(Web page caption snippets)
Content starts
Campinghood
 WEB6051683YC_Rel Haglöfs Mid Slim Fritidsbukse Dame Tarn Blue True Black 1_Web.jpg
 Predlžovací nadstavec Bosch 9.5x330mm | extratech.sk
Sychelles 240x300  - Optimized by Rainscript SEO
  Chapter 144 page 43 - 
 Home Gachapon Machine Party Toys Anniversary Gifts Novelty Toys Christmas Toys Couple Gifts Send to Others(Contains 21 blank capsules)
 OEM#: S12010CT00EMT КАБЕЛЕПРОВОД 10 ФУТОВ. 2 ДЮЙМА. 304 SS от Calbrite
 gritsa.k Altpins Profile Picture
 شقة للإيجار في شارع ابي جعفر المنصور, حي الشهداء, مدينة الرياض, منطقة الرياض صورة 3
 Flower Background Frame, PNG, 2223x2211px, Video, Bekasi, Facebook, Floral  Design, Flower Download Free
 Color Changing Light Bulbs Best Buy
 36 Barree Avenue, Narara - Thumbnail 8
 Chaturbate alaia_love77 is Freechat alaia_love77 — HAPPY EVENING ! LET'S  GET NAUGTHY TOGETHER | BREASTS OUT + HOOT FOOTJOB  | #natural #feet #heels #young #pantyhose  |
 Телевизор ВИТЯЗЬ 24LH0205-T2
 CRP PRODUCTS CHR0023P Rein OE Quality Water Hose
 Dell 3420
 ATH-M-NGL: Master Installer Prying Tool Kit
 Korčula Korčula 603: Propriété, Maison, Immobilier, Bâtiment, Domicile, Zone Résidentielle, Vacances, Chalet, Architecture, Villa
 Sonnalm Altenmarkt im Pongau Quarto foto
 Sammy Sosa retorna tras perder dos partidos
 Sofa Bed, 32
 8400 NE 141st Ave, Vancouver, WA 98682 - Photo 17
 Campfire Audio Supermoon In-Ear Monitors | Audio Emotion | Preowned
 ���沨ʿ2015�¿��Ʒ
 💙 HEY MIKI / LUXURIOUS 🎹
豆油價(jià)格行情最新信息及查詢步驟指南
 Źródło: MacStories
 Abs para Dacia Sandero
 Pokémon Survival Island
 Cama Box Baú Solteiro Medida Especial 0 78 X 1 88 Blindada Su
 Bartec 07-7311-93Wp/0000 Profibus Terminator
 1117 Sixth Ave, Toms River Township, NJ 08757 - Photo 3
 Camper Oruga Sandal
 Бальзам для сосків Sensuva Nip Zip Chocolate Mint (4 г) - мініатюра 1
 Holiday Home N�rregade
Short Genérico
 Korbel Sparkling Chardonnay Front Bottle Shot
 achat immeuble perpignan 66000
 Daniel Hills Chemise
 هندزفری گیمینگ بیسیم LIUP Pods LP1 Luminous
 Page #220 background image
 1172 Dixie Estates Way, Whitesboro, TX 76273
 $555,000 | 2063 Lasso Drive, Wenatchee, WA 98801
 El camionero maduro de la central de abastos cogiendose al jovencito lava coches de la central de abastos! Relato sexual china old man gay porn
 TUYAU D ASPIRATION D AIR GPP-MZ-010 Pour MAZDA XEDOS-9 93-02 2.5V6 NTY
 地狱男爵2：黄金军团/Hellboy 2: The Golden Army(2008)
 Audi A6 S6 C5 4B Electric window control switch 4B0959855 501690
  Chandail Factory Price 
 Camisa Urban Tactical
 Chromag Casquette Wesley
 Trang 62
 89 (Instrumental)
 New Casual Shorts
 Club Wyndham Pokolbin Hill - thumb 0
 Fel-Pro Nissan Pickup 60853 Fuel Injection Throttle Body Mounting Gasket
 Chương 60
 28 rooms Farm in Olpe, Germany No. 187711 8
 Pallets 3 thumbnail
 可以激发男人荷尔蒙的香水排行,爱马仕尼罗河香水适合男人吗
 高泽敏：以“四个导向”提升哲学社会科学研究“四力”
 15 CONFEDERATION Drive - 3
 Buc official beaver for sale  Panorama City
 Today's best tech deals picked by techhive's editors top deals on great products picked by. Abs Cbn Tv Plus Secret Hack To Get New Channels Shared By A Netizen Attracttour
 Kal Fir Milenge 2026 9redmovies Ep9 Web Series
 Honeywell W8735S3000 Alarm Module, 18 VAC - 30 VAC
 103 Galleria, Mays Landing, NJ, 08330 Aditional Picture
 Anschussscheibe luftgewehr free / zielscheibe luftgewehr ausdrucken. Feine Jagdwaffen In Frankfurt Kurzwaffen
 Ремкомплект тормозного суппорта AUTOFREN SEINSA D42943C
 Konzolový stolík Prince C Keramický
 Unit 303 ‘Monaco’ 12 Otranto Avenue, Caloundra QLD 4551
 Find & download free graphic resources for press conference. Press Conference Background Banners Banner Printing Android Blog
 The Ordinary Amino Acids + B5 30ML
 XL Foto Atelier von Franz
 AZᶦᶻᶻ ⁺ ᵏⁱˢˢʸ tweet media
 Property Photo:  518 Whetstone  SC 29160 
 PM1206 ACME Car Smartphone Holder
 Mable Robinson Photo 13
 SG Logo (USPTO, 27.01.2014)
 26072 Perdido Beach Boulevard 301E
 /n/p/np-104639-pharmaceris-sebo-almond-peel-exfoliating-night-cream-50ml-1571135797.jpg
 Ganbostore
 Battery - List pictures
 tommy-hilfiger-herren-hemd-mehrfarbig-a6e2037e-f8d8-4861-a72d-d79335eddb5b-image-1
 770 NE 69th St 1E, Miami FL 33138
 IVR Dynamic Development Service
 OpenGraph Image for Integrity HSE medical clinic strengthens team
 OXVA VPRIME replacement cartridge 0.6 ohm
Content ends
▸ ACTION ITEM: Nothing may be omitted. Restate all of the entries exactly.

▸ ANSWER SECTION:
Campinghood
 WEB6051683YC_Rel Haglöfs Mid Slim Fritidsbukse Dame Tarn Blue True Black 1_Web.jpg
 Predlžovací nadstavec Bosch 9.5x330mm | extratech.sk
Sychelles 240x300  - Optimized by Rainscript SEO
  Chapter 144 page 43 - 
 Home Gachapon Machine Party Toys Anniversary Gifts Novelty Toys Christmas Toys Couple Gifts Send to Others(Contains 21 blank capsules)
 OEM#: S12010CT00EMT КАБЕЛЕПРОВОД 10 ФУТОВ. 2 ДЮЙМА. 304 SS от Calbrite
 gritsa.k Altpins Profile Picture
 شقة للإيجار في شارع ابي جعفر المنصور, حي الشهداء, مدينة الرياض, منطقة الرياض صورة 3
 Flower Background Frame, PNG, 2223x2211px, Video, Bekasi, Facebook, Floral  Design, Flower Download Free
 Color Changing Light Bulbs Best Buy
 36 Barree Avenue, Narara - Thumbnail 8
 Chaturbate alaia_love77 is Freechat alaia_love77 — HAPPY EVENING ! LET'S  GET NAUGTHY TOGETHER | BREASTS OUT + HOOT FOOTJOB  | #natural #feet #heels #young #pantyhose  |
 Телевизор ВИТЯЗЬ 24LH0205-T2
 CRP PRODUCTS CHR0023P Rein OE Quality Water Hose
 Dell 3420
 ATH-M-NGL: Master Installer Prying Tool Kit
 Korčula Korčula 603: Propriété, Maison, Immobilier, Bâtiment, Domicile, Zone Résidentielle, Vacances, Chalet, Architecture, Villa
 Sonnalm Altenmarkt im Pongau Quarto foto
 Sammy Sosa retorna tras perder dos partidos
 Sofa Bed, 32
 8400 NE 141st Ave, Vancouver, WA 98682 - Photo 17
 Campfire Audio Supermoon In-Ear Monitors | Audio Emotion | Preowned
 ���沨ʿ2015�¿��Ʒ
 💙 HEY MIKI / LUXURIOUS 🎹
豆油價(jià)格行情最新信息及查詢步驟指南
 Źródło: MacStories
 Abs para Dacia Sandero
 Pokémon Survival Island
 Cama Box Baú Solteiro Medida Especial 0 78 X 1 88 Blindada Su
 Bartec 07-7311-93Wp/0000 Profibus Terminator
 1117 Sixth Ave, Toms River Township, NJ 08757 - Photo 3
 Camper Oruga Sandal
 Бальзам для сосків Sensuva Nip Zip Chocolate Mint (4 г) - мініатюра 1
 Holiday Home N�rregade
Short Genérico
 Korbel Sparkling Chardonnay Front Bottle Shot
 achat immeuble perpignan 66000
 Daniel Hills Chemise
 هندزفری گیمینگ بیسیم LIUP Pods LP1 Luminous
 Page #220 background image
 1172 Dixie Estates Way, Whitesboro, TX 76273
 $555,000 | 2063 Lasso Drive, Wenatchee, WA 98801
 El camionero maduro de la central de abastos cogiendose al jovencito lava coches de la central de abastos! Relato sexual china old man gay porn
 TUYAU D ASPIRATION D AIR GPP-MZ-010 Pour MAZDA XEDOS-9 93-02 2.5V6 NTY
 地狱男爵2：黄金军团/Hellboy 2: The Golden Army(2008)
 Audi A6 S6 C5 4B Electric window control switch 4B0959855 501690
  Chandail Factory Price 
 Camisa Urban Tactical
 Chromag Casquette Wesley
 Trang 62
 89 (Instrumental)
 New Casual Shorts
 Club Wyndham Pokolbin Hill - thumb 0
 Fel-Pro Nissan Pickup 60853 Fuel Injection Throttle Body Mounting Gasket
 Chương 60
 28 rooms Farm in Olpe, Germany No. 187711 8
 Pallets 3 thumbnail
 可以激发男人荷尔蒙的香水排行,爱马仕尼罗河香水适合男人吗
 高泽敏：以“四个导向”提升哲学社会科学研究“四力”
 15 CONFEDERATION Drive - 3
 Buc official beaver for sale  Panorama City
 Today's best tech deals picked by techhive's editors top deals on great products picked by. Abs Cbn Tv Plus Secret Hack To Get New Channels Shared By A Netizen Attracttour
 Kal Fir Milenge 2026 9redmovies Ep9 Web Series
 Honeywell W8735S3000 Alarm Module, 18 VAC - 30 VAC
 103 Galleria, Mays Landing, NJ, 08330 Aditional Picture
 Anschussscheibe luftgewehr free / zielscheibe luftgewehr ausdrucken. Feine Jagdwaffen In Frankfurt Kurzwaffen
 Ремкомплект тормозного суппорта AUTOFREN SEINSA D42943C
 Konzolový stolík Prince C Keramický
 Unit 303 ‘Monaco’ 12 Otranto Avenue, Caloundra QLD 4551
 Find & download free graphic resources for press conference. Press Conference Background Banners Banner Printing Android Blog
 The Ordinary Amino Acids + B5 30ML
 XL Foto Atelier von Franz
 AZᶦᶻᶻ ⁺ ᵏⁱˢˢʸ tweet media
 Property Photo:  518 Whetstone  SC 29160 
 PM1206 ACME Car Smartphone Holder
 Mable Robinson Photo 13
 SG Logo (USPTO, 27.01.2014)
 26072 Perdido Beach Boulevard 301E
 /n/p/np-104639-pharmaceris-sebo-almond-peel-exfoliating-night-cream-50ml-1571135797.jpg
 Ganbostore
 Battery - List pictures
 tommy-hilfiger-herren-hemd-mehrfarbig-a6e2037e-f8d8-4861-a72d-d79335eddb5b-image-1
 770 NE 69th St 1E, Miami FL 33138
 IVR Dynamic Development Service
 OpenGraph Image for Integrity HSE medical clinic strengthens team
 OXVA VPRIME replacement cartridge 0.6 ohm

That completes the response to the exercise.